Yajna – Vedic Fire Ceremony
An ancient practice of Transformation, Purification, and Renewal
Shoshoni stands out as one of the only centers in the U.S. with a traditional Vedic fire temple, built according to ancient principles. Shoshoni Yogis have been dedicated to this daily practice since the Fire Temple was built in 1999. To inaugurate the Temple, residents performed a 108-day fire ceremony, offering mantras to the fire 24 hours a day. Many holidays are celebrated with yajna, including Navaratri and Shivaratri.

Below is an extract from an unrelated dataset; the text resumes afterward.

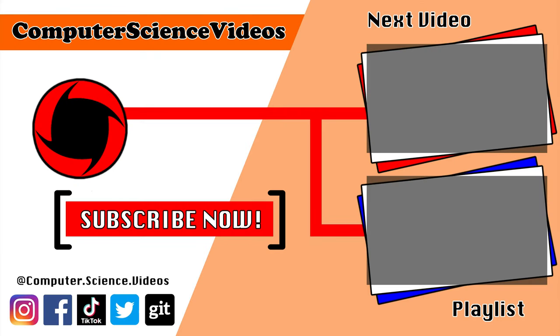Thank you for making it towards the end of the video. Be sure to subscribe to my channel Computer Science Videos. Be sure to check out the previous video on screen now, or you can ideally click on the playlist and watch all the journey for Computer Science Videos from the start until now.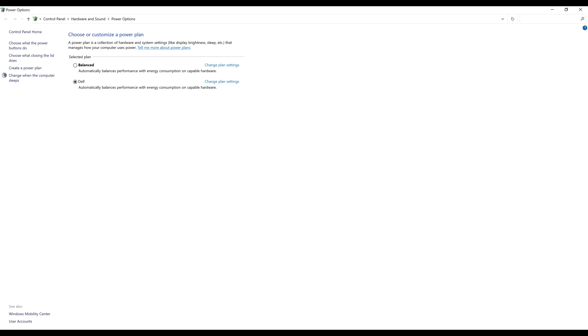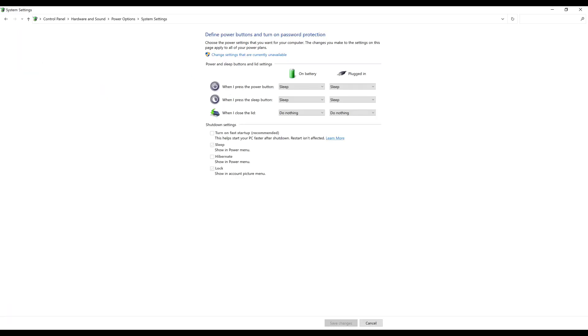Step 3. Select Choose what the power buttons do in the menu on the left side of the screen. Associated options are shown on the right side of the screen. The options in the shutdown settings are likely not clickable.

Overnight retreat guests may practice Yajna fire ceremony at Shoshoni every day 5:30-7:00am. In the summer, Saturday evening meditation is done in the Fire Temple as well.
Yajna practice can assist with
- Releasing unwanted emotions, memories and patterns
- Times of transition
- Inner growth and transformation
What is Yajna?
Yajna is not a new age phenomenon. Yajna is the ancient yogic practice of making offerings into a sacred fire. Vedic fire ceremony purifies emotions, burns up unresolved conflict and worries, and leaves us feeling lighter, free, and more open inside. As we focus on letting go, the fire dissolves our tensions leaving only Vibhuti, or Sacred Ash, behind. The Vibhuti represents the pure essence of our nature, the Inner Self.
How do I practice Yajna?
The practice of offering mantras and a simple masala (rice mixture) has been used for thousands of years as a catalyst for change and growth. First, the sacred fire is opened by an experienced Pujari. Next, practitioners take a small amount of masala in the right hand between the thumb and two middle fingers (The index finger is left out as it represents the ego) and circle the heart in a clockwise direction while repeating a mantra. The masala is then offered into the fire. Practitioners can visualize releasing all of their troubles into the fire; the fire purifies everything.